BEGIN

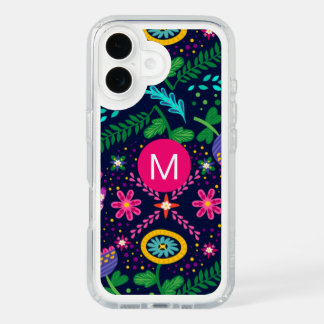 Bright Colorful Chaotic Floral Dark Blue Monogram iPhone 16 Case
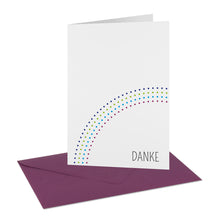 Lade das Bild in den Galerie-Viewer, Danksagung Kommunion Konfirmation "Danke" mit Regenbogen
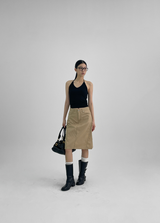 [MADE] Kipki Buckle Cotton Midi Skirt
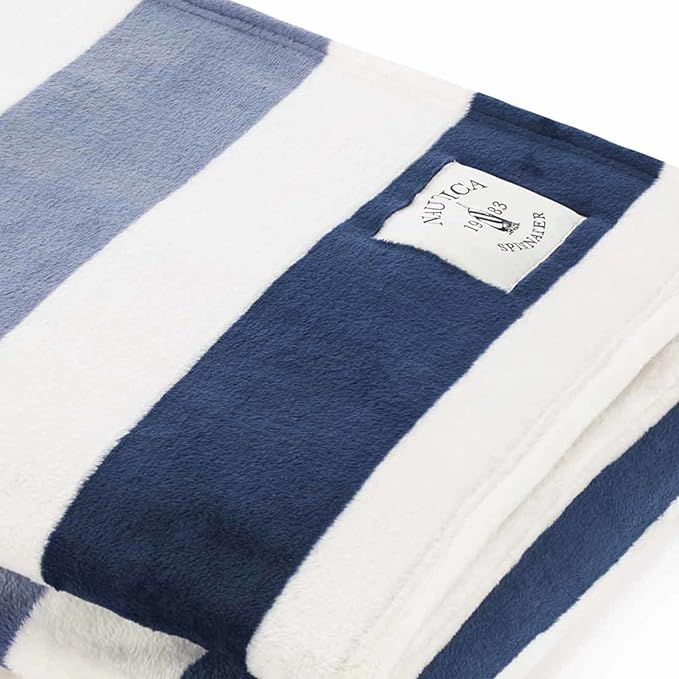 Nautica - Blanket, Ultra-Soft Plush Fleece Blanket for Bed or Couch, Lightweight Micro Flannel Throw Blanket for Year Round Comfort (Awning Stripe Blue, 50" x 60")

END

▶ Exercise requirements
Copy out the material exactly as it stands, though no picture should appear in the copy.

▶ Response for this exercise
 Bright Colorful Chaotic Floral Dark Blue Monogram iPhone 16 Case
 Lade das Bild in den Galerie-Viewer, Danksagung Kommunion Konfirmation "Danke" mit Regenbogen
 [MADE] Kipki Buckle Cotton Midi Skirt
 Nautica - Blanket, Ultra-Soft Plush Fleece Blanket for Bed or Couch, Lightweight Micro Flannel Throw Blanket for Year Round Comfort (Awning Stripe Blue, 50" x 60")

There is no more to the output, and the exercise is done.